Rep. Andy Biggs also said he does not fear a shutdown.  

‘The House is gonna say no, we’re gonna pass a good Republican bill out of the House and force the Senate and the White House to accept it, or we’re not going to move forward,’ Biggs said. ‘What would happen if Republicans for once stared down the Democrats and were the ones who refuse to cave and to betray the American people and the trust they put in us when they gave the majority? So we don’t fear a government shutdown.’   

But Biggs, for one, predicted there would not be a shutdown. 

‘I don’t believe that you’re looking at a gov shutdown,’ the Arizona Republican told reporters. 

‘You’ll see some of the 12 approps bills come out in what we call a minibus, and then you’ll see a short-term continuing resolution.’

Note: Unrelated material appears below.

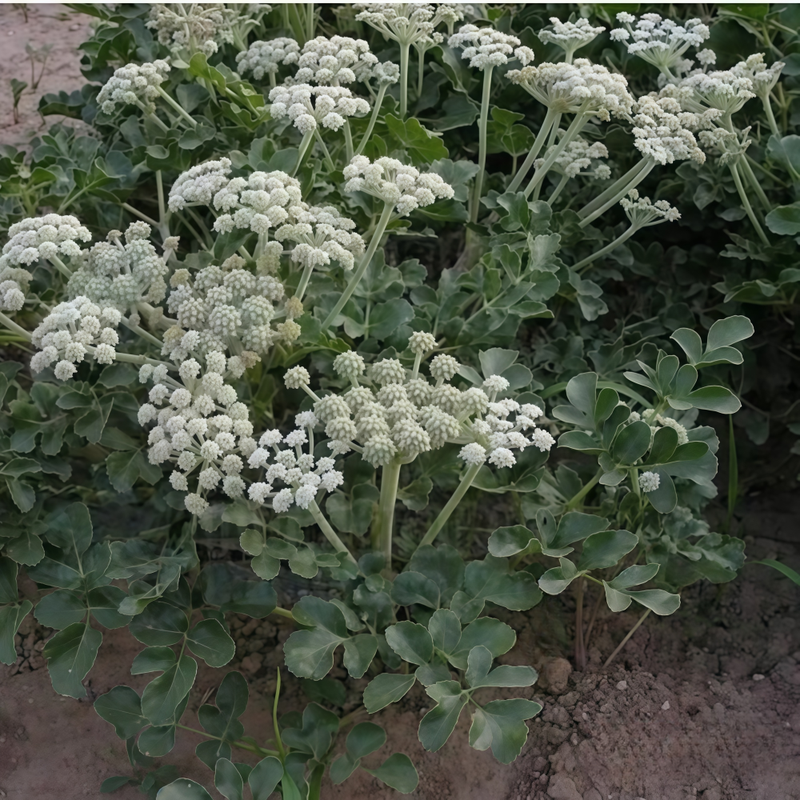 Glehnia Littoralis F. Schmidt Ex Miq. Seeds - Larger Packet High Germination 2000-10000 Onsaleseeds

Meanwhile, the House and Senate have passed their own versions of the National Defense Authorization Act (NDAA) – the yearly must-pass spending bill that funds the Pentagon. Now they will have to reconcile their differences and pass a consensus version to send to the president’s desk. 

The House version included controversial amendments that restrict abortion and transgender health care access – measures that caused the typically bipartisan legislation to lose Democratic support. 

Speaker Kevin McCarthy and Senate Majority Leader Chuck Schumer met Thursday to discuss the prospects of compromise on spending measures and other priorities. 

‘I thought our conversations about appropriations were very good,’ said the speaker. ‘Neither of us want to shut the government down.’